Tune concurrent_reads and concurrent_writes in Cassandra (2026)

Cassandra’s concurrent_reads and concurrent_writes settings are not about how many operations your application can send at once, but how many in-flight operations the coordinator node will handle for a given request type.

Let’s see this in action. Imagine a simple SELECT query.

{
  "query": "SELECT * FROM my_keyspace.my_table WHERE id = 123",
  "parameters": {
    "consistency_level": "QUORUM",
    "read_timeout_ms": 5000,
    "serial_consistency_level": null
  }
}

When this request hits a coordinator node, say node A, and the consistency_level is QUORUM, node A needs to talk to a subset of replicas for that data. If concurrent_reads is set to 32, node A can have up to 32 different read requests in flight to its replicas at the same time. It doesn’t mean it can process 32 requests from your application simultaneously. It means it can service one application request by talking to multiple replicas, and while those are in flight, it can start servicing another application request by talking to its replicas, up to the concurrent_reads limit.

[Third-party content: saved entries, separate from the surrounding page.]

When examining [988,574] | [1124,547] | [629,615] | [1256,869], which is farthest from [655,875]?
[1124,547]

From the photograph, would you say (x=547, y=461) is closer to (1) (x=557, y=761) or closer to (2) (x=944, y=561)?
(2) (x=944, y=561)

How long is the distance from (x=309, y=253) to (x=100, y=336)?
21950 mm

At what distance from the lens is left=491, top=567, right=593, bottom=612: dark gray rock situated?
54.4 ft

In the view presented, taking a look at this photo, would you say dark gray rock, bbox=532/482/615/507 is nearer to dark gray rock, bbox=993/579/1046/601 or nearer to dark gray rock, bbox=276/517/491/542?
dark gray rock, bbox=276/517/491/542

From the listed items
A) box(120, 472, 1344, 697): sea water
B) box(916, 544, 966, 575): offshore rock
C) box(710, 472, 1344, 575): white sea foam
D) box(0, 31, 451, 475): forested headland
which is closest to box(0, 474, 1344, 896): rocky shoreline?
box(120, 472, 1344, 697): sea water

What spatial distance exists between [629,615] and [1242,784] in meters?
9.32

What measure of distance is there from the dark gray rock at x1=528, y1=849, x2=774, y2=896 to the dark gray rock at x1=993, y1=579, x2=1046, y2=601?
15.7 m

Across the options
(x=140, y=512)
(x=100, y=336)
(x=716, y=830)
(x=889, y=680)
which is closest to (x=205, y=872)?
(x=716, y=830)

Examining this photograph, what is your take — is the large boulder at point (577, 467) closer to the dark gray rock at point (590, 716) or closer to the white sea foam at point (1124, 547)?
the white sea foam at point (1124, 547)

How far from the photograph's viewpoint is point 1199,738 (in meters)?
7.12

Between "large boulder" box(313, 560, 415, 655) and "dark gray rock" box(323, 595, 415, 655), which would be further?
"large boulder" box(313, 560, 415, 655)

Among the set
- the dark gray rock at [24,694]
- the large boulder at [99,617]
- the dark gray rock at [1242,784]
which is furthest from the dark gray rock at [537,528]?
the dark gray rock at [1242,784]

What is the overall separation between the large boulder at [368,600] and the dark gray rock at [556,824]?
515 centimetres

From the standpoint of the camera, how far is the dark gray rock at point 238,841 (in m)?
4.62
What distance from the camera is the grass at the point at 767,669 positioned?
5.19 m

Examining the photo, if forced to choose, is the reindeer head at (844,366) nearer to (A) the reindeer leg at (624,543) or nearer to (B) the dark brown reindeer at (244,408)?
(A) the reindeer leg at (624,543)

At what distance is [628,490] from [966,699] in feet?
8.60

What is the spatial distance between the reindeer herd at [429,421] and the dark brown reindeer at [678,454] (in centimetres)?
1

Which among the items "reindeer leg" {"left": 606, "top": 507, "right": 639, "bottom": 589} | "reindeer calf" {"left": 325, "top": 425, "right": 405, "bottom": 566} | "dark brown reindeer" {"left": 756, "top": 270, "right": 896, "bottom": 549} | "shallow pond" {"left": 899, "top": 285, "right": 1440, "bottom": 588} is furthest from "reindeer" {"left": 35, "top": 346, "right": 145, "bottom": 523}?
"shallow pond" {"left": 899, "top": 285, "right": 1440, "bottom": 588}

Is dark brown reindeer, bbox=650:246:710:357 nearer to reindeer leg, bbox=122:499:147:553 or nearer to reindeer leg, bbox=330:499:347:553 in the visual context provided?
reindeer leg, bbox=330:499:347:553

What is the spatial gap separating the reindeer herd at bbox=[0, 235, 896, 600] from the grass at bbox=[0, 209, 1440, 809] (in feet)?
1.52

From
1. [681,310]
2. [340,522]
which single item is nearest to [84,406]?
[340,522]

The core problem these settings solve is preventing a single node from becoming a bottleneck when it’s acting as a coordinator for many requests, especially under high load or when network latency is a factor. If a coordinator has to wait for one replica to respond before it can even start talking to another replica for the same request, throughput plummets. concurrent_reads and concurrent_writes allow the coordinator to overlap these I/O operations.

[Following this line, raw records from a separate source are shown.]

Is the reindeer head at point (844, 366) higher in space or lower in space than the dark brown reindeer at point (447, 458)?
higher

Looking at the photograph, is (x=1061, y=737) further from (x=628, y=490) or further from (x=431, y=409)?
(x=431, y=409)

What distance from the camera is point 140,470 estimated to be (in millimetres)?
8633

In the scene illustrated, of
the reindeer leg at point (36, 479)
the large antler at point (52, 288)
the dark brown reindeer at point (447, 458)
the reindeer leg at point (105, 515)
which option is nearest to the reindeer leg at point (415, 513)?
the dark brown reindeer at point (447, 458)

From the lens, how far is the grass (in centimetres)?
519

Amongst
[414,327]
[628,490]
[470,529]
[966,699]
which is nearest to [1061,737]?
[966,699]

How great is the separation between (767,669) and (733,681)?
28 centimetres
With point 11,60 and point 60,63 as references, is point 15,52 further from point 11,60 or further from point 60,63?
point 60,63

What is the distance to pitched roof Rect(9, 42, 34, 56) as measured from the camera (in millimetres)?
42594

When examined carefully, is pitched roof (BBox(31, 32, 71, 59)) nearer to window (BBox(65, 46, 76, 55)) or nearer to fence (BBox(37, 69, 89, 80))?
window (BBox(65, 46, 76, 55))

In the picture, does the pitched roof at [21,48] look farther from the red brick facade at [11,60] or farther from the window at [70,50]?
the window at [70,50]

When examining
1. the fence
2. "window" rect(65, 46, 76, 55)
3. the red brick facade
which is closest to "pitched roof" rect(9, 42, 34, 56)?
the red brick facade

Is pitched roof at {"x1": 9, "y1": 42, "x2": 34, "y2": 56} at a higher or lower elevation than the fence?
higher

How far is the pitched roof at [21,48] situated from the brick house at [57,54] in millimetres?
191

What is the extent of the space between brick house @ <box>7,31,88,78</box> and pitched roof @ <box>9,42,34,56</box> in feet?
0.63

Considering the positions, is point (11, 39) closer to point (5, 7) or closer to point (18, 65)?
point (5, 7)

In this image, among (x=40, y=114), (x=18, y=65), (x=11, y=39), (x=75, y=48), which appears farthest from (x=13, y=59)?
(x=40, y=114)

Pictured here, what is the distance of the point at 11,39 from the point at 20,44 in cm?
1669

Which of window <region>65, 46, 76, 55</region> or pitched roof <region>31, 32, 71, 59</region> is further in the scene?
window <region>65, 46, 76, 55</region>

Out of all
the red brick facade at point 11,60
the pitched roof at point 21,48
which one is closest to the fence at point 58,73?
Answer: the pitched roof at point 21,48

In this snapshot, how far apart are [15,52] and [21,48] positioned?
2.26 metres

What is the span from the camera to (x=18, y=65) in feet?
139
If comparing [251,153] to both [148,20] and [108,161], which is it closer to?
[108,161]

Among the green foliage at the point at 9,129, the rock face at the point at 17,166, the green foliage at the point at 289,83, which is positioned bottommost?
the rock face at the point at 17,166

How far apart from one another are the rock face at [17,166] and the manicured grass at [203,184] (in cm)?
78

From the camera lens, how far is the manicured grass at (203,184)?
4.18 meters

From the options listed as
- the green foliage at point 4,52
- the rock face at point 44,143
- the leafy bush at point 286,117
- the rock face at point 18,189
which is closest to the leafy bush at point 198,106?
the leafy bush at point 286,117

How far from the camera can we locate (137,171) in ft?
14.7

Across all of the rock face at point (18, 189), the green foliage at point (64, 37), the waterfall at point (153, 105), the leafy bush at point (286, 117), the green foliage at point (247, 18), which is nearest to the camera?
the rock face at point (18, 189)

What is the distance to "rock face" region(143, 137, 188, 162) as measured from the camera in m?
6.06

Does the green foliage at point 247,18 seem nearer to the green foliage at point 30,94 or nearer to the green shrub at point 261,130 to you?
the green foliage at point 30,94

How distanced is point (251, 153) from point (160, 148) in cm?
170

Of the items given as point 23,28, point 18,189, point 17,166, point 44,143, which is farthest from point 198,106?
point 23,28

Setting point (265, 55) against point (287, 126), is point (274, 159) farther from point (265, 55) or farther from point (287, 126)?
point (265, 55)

Here’s how it works internally. When a coordinator receives a read request:

1. It determines which replicas hold the requested data.
2. It sends read requests to a subset of these replicas (based on consistency level and topology).
3. It immediately returns to its event loop, ready to process the next incoming application request.
4. It can then initiate read requests for this second application request.
5. It keeps track of responses from replicas for all in-flight application requests, up to the concurrent_reads limit.
6. Once enough replicas respond for a given application request (e.g., QUORUM), it aggregates the data and returns it to the client.

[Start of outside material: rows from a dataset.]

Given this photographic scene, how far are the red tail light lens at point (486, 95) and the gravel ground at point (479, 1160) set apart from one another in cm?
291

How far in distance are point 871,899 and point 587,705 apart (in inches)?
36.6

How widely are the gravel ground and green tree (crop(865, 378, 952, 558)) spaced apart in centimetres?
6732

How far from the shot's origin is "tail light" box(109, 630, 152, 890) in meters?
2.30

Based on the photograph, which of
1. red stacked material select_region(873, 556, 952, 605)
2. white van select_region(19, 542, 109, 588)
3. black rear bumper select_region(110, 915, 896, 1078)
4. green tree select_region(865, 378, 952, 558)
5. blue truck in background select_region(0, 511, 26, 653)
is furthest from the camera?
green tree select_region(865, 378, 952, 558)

The same logic applies to concurrent_writes, but for mutations. The coordinator doesn’t wait for Write acknowledgments from all replicas before it can process the next incoming write request from your application.

The default values are often 32 for both concurrent_reads and concurrent_writes in cassandra.yaml. These are generally good starting points.

Tuning concurrent_reads and concurrent_writes:

• When to increase: If your application experiences read or write timeouts, and nodetool tpstats shows high numbers for the ReadStage or MutationStage (specifically, the "Total blocked" or "Max blocked" counts), and the coordinator node’s CPU is not saturated, you might benefit from increasing these values. This indicates the coordinator is waiting for I/O to complete before it can start new I/O operations for other requests.
• When to decrease: If your coordinator nodes are experiencing high CPU utilization, particularly on the threads handling these stages, or if you see a lot of OutOfMemoryError related to thread pools, you might need to decrease these values. This means the coordinator is overwhelmed with managing too many in-flight operations.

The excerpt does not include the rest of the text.